The answer should consist of all the records, copied exactly.

(Data entries)
····················

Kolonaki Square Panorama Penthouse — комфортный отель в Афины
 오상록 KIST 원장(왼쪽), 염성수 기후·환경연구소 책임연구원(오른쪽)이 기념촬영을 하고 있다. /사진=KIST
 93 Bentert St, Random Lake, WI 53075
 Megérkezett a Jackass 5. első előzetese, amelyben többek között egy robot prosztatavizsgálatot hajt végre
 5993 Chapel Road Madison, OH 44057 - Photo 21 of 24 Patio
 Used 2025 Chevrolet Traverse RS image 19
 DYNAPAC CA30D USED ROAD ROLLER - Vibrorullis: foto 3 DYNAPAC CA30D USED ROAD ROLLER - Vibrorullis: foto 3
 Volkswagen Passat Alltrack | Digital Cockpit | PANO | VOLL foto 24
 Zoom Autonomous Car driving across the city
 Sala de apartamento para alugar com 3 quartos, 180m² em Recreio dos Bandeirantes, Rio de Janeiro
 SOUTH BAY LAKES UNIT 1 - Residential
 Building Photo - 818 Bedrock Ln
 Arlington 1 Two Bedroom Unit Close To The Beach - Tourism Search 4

····················

SOLUTION FOR THIS EXERCISE ->
Kolonaki Square Panorama Penthouse — комфортный отель в Афины
 오상록 KIST 원장(왼쪽), 염성수 기후·환경연구소 책임연구원(오른쪽)이 기념촬영을 하고 있다. /사진=KIST
 93 Bentert St, Random Lake, WI 53075
 Megérkezett a Jackass 5. első előzetese, amelyben többek között egy robot prosztatavizsgálatot hajt végre
 5993 Chapel Road Madison, OH 44057 - Photo 21 of 24 Patio
 Used 2025 Chevrolet Traverse RS image 19
 DYNAPAC CA30D USED ROAD ROLLER - Vibrorullis: foto 3 DYNAPAC CA30D USED ROAD ROLLER - Vibrorullis: foto 3
 Volkswagen Passat Alltrack | Digital Cockpit | PANO | VOLL foto 24
 Zoom Autonomous Car driving across the city
 Sala de apartamento para alugar com 3 quartos, 180m² em Recreio dos Bandeirantes, Rio de Janeiro
 SOUTH BAY LAKES UNIT 1 - Residential
 Building Photo - 818 Bedrock Ln
 Arlington 1 Two Bedroom Unit Close To The Beach - Tourism Search 4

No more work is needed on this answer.